Ülkemizde eşi benzeri görülmemiş yoğunluktaki bu yangınlar iki sebebe bağlanıyor... Küresel ısınma veya sabotajlar...
Sebep ne olursa olsun ülke olarak yangına hazırlıklı olmalıyız...
Ülkemiz her yıl büyük yangınlara sahne olur… Bunu biliyoruz...
Amerika ve Avustralya’da geçen yıl küresel ısınmaya bağlı çok büyük yangınlar çıktığını biliyoruz…

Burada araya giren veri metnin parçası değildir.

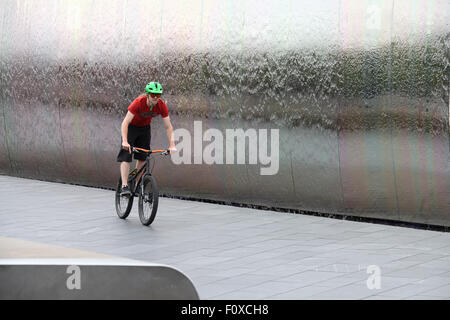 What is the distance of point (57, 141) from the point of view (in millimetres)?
14820

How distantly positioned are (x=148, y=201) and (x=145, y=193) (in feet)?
0.36

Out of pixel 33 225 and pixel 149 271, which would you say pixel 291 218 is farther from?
pixel 149 271

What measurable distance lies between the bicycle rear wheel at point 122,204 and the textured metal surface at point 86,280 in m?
7.83

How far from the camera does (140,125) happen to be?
10.4 m

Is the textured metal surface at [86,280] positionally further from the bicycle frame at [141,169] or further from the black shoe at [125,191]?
the black shoe at [125,191]

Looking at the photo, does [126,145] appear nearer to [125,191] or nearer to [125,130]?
[125,130]

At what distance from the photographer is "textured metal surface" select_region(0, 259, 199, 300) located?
7.86 ft

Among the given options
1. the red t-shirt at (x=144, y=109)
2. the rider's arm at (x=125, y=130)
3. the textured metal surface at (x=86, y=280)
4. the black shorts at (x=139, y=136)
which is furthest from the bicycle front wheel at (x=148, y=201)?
the textured metal surface at (x=86, y=280)

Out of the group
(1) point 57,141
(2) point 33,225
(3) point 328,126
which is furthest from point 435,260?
(1) point 57,141

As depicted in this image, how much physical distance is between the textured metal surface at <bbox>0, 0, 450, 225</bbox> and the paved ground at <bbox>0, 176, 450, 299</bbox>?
428mm

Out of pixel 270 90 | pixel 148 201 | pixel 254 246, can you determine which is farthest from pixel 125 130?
pixel 254 246

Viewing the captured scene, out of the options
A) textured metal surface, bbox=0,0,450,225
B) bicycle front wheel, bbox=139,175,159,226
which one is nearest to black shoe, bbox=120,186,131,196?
bicycle front wheel, bbox=139,175,159,226

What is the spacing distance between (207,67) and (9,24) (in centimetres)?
566

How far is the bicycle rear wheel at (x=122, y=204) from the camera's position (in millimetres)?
10383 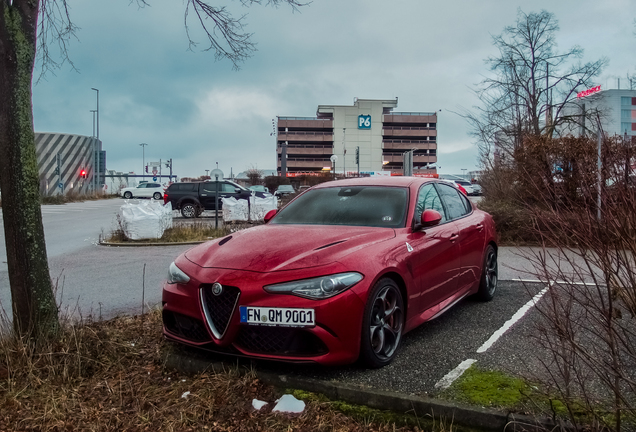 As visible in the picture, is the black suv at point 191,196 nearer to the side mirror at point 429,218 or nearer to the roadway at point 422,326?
the roadway at point 422,326

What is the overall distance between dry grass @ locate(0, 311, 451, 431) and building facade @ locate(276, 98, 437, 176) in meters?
102

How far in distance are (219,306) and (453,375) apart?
1.63 m

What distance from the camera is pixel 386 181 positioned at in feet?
17.3

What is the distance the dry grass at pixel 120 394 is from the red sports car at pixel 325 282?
275 mm

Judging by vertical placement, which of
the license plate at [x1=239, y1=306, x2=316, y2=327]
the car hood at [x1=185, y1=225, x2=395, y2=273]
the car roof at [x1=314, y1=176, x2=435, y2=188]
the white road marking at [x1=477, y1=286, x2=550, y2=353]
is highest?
the car roof at [x1=314, y1=176, x2=435, y2=188]

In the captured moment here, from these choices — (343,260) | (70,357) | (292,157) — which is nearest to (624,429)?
(343,260)

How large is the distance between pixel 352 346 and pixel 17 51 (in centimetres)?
324

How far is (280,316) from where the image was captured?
11.1 feet

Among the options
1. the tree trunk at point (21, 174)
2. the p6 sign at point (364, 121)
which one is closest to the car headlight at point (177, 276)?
Answer: the tree trunk at point (21, 174)

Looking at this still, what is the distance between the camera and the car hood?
3.63m

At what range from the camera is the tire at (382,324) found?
357cm

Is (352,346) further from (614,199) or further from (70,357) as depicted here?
(70,357)

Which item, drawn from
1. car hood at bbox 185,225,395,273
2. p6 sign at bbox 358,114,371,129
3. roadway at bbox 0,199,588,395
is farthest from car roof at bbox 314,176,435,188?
p6 sign at bbox 358,114,371,129

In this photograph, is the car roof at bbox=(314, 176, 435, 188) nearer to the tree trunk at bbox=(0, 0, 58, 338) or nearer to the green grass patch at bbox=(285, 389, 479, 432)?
the green grass patch at bbox=(285, 389, 479, 432) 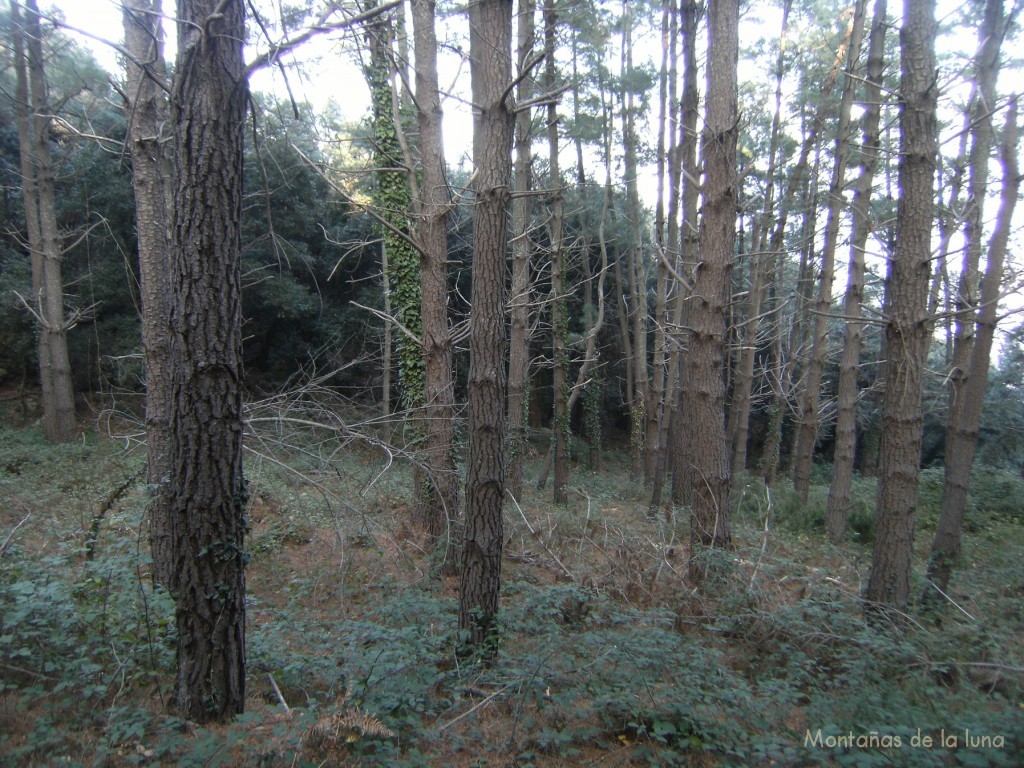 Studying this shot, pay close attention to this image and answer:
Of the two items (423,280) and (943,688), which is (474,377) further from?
(943,688)

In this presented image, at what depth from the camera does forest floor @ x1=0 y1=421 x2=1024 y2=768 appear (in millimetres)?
3473

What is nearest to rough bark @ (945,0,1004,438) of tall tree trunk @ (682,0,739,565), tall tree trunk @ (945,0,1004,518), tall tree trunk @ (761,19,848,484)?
tall tree trunk @ (945,0,1004,518)

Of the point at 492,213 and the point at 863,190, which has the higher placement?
the point at 863,190

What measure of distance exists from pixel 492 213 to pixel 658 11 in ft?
43.1

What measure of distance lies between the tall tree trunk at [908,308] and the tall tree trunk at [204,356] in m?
5.54

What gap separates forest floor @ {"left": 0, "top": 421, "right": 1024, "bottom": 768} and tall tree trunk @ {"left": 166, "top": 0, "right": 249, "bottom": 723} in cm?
54

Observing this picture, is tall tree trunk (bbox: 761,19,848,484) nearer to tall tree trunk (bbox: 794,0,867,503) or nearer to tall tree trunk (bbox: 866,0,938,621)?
tall tree trunk (bbox: 794,0,867,503)

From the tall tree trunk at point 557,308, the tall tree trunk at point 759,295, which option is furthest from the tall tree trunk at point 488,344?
the tall tree trunk at point 759,295

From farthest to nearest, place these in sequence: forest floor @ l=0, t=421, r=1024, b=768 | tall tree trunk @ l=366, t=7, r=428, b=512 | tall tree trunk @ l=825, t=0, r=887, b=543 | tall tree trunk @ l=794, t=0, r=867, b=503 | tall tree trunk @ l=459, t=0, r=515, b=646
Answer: tall tree trunk @ l=794, t=0, r=867, b=503 < tall tree trunk @ l=825, t=0, r=887, b=543 < tall tree trunk @ l=366, t=7, r=428, b=512 < tall tree trunk @ l=459, t=0, r=515, b=646 < forest floor @ l=0, t=421, r=1024, b=768

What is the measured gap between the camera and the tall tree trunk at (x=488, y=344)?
195 inches

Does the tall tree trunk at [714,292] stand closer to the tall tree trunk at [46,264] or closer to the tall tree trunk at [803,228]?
the tall tree trunk at [803,228]

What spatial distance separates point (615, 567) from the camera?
7566 mm

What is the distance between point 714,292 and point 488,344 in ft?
10.6

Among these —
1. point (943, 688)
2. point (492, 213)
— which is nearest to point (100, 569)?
point (492, 213) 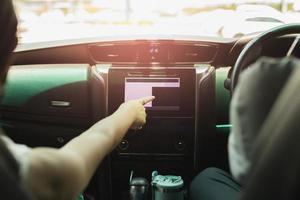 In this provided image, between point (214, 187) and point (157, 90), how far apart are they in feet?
2.28

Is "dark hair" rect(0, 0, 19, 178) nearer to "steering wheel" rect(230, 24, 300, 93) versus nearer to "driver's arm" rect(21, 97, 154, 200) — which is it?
"driver's arm" rect(21, 97, 154, 200)

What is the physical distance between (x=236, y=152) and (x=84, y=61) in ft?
6.70

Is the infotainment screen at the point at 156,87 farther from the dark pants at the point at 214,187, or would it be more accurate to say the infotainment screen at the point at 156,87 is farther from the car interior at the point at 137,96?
the dark pants at the point at 214,187

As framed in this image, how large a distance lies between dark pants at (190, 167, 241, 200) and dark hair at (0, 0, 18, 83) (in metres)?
1.18

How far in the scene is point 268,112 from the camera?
1148 millimetres

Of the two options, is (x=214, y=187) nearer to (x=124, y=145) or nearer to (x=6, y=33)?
(x=124, y=145)

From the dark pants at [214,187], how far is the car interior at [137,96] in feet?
1.52

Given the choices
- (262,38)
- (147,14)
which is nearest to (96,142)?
(262,38)

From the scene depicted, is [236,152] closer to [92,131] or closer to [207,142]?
[92,131]

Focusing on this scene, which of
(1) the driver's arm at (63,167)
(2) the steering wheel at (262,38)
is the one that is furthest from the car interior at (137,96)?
(1) the driver's arm at (63,167)

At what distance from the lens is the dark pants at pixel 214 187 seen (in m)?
2.23

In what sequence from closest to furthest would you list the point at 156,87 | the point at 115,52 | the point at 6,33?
the point at 6,33, the point at 156,87, the point at 115,52

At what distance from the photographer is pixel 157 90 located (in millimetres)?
2863

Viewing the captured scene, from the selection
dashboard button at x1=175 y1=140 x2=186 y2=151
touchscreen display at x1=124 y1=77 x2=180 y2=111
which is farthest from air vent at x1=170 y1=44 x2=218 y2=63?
dashboard button at x1=175 y1=140 x2=186 y2=151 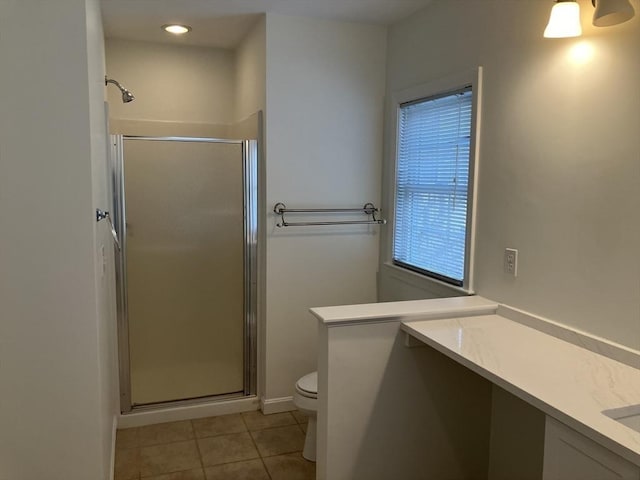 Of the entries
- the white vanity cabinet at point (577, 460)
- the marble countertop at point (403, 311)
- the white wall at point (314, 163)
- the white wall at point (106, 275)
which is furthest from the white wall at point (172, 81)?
the white vanity cabinet at point (577, 460)

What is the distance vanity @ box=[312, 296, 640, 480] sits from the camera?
1.90 metres

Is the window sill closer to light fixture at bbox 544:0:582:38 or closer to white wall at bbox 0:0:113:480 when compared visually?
light fixture at bbox 544:0:582:38

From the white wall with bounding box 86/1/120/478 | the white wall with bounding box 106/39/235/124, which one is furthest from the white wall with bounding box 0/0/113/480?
the white wall with bounding box 106/39/235/124

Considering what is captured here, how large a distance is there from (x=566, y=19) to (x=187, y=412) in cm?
284

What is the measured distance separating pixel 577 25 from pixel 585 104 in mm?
288

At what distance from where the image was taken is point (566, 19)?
178 centimetres

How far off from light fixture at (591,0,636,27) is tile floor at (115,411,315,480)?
7.54ft

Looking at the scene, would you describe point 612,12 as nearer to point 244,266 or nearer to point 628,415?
point 628,415

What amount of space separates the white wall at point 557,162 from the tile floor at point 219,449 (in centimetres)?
136

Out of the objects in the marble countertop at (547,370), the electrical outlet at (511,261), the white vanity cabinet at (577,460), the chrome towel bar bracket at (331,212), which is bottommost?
the white vanity cabinet at (577,460)

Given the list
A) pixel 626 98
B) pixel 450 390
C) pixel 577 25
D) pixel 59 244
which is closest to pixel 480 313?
pixel 450 390

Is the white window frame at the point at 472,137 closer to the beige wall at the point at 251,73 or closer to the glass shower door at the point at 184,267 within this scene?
the beige wall at the point at 251,73

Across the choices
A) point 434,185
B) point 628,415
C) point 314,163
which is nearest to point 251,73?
point 314,163

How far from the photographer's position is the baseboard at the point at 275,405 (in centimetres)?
331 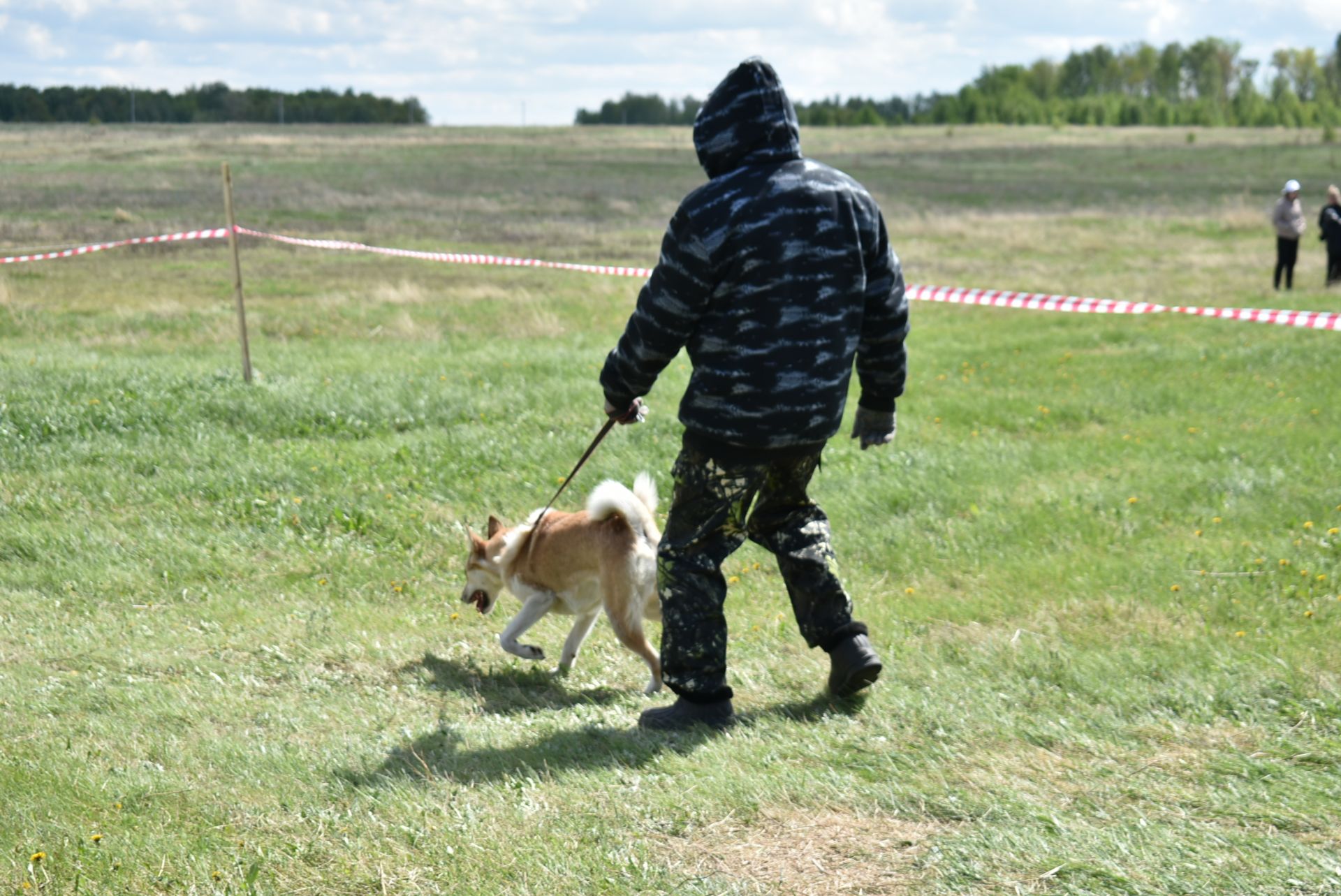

Büyük yangınlar yaşayacağımızı önceden görmeli, felakete üç kiralık uçakla yakalanmamalıydık...
Yangınları acıyla izlerken merak ediyoruz... Askeri birlikler (özellikle istihkam taburlar) söndürme çalışmalarına neden katılmıyor? Bölgede askeri birlik yok deniyor. Uçak ve helikopterle yurdun öteki bölgelerinden sevkiyat mümkün değil miydi?
Türk Hava Kuvvetlerinden destek alınamaz mıydı?
Ve noktayı koyarken Emekli General Nejat Eslen’in önerisini hatırlatalım...
- Havadan yangın söndürme görevi Türk Hava Kuvvetleri’ne verilmelidir... Hem de hiç vakit geçirmeden...
EFSANE GAZOZ
Olimpiyatta ilk altın madalyayı kazandıran 22 yaşındaki milli okçumuz Mete Gazoz’u bütün ulus yürekten kutluyor.
Bu büyük başarıda Mete ile birlikte mutlaka annesi ve babasını da alkışlamak gerekiyor. Babası Metin Gazoz milli okçu ve spor hocası olup yıllar önce İstanbul Okçuluk ve Gençlik Kulübü’nü kurmuş. Oğlunu da özel bir program ve projeyle yetiştirmiş. Mete’yi spor yeteneği ve kişilik gelişimi için küçük yaşta piyano, resim, satranç kurslarına göndermişler. Takım ruhunu geliştirmesi için basketbol ve futbol okullarına yazdırmışlar.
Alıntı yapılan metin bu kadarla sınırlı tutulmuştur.